A Thames Valley Police traffic management spokesperson said: "The key design components show this to be a 1.2km dual carriageway, designed to DMRB (Design Manual for Roads and Bridges) standards with a design speed of 40mph.
"It includes a 3m wide shared cycle/footway on the northern side of the new road. Whilst the design speed is set to the standards within DMRB I would suggest that with a dual carriageway of this length other than at tidal rush hour times speeds are highly likely to be in excess of the design speed indicated.
"Without measures such as a signalised junction into the new developments drivers will have a dual carriageway with good visibility in which they will be able to travel at much higher speeds than intended by the designers.
"The link road between the A41 and the A413 was designed with a 50mph speed limit and it was clear that vehicle speeds were highly likely to be in excess of that due to the nature and layout, as a result locations were identified to provide positions for mobile speed enforcement vans to operate with good site lines for traffic in both directions.

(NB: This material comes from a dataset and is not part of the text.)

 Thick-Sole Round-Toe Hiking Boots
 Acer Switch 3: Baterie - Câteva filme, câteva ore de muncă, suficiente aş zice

"Ideally the SEALR would be self-enforcing in terms of the speeds for vehicles but I would suggest that with having experience of the previous link road this is not going to be the case.
"At this time I would request that some provision is made to accommodate the speed enforcement vans within the infrastructure of this road so there is some deterrent strategy for vehicles that are likely to exceed the design speed and posted limit on this proposed link road."
Campaigner and former councillor Phil Yerby believes the concerns raised by road management experts are going unnoticed.
He said: "I am particularly concerned that the council are putting cost ahead of safety as they refer to all the changes they can make “within the constraints of the project”.
"That is putting the cart before the horse. Safety issues should come first and implemented into the design."
Bucks Council did not provide a response to the Bucks Herald regarding the East Aylesbury Link Road following multiple requests.
At the enquiry a council spokesperson said it would make all the changes it could to ensure vehicle safety, “within the constraints of the project”.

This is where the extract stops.